Despite the lack of awareness or disinterest on the part of secular organizations, over the past few decades, there has been a surge in religious engagement with environmental concerns, as people have come to recognize the intrinsic link between environmental flourishing and human well-being. The involvement of religions in these issues is especially beneficial, as their contribution is both unique and valuable. According to Hans Küng, religious teachings possess an absolute nature that is essential for encouraging commitment to solving environmental problems. Küng argued that the authoritative voice of religion can impel its followers to follow prescribed norms unconditionally, even in cases where doing so may be contrary to their own interests.[17] One of the advantages of religion in this context is its ability to propose a "categorical ought" that extends beyond the finite conditions of human existence, human urgencies, and even the survival of humanity itself.[18] Moreover, religion serves as a guiding force, a compass for our moral and ethical compass, a source of inspiration for our communities, and a deep well of spiritual motivation. Throughout history, religion has been a powerful voice for social justice, driving movements that challenge inequality and oppression. From the Christian churches’ role in promoting social healing in post-genocide Rwanda[19] to the tireless efforts of religious women and men across traditions to promote environmental consciousness and stewardship, religion has been a vital force for inspiring social change. 

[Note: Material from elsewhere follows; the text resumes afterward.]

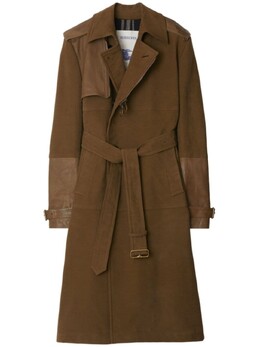 Burberry: Коричневый плащ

Through its teachings and practices, religion underscores the interconnectedness of all life, emphasizing the need to promote the well-being of others. This call to action provides a compelling framework for tackling the most pressing social issues of our time, such as poverty, inequality, and environmental degradation. Religious communities offer a sense of belonging, an anchor of support and a place to draw strength, and a network of like-minded individuals committed to social justice. The power of faith is undeniable in shaping attitudes and perspectives, driving individuals and communities towards meaningful and lasting social change. Religion provides a language of morality, hope, and compassion that can inspire and unite people to work together towards creating a more just and equitable world.  

4. Religion’s Potential in Addressing Environmental Concerns 

With regards to environmental concerns, historian Lynn White Jr. asserted that people's actions toward their ecology are influenced by their beliefs about themselves and their relationship to their surroundings. White suggested that religion plays a crucial role in shaping these beliefs, stating that "human ecology is deeply conditioned by beliefs about our nature and destiny."[20] Our interpretation of our own story and destiny, as well as our relationships with others and nature, are all informed by our religious beliefs. 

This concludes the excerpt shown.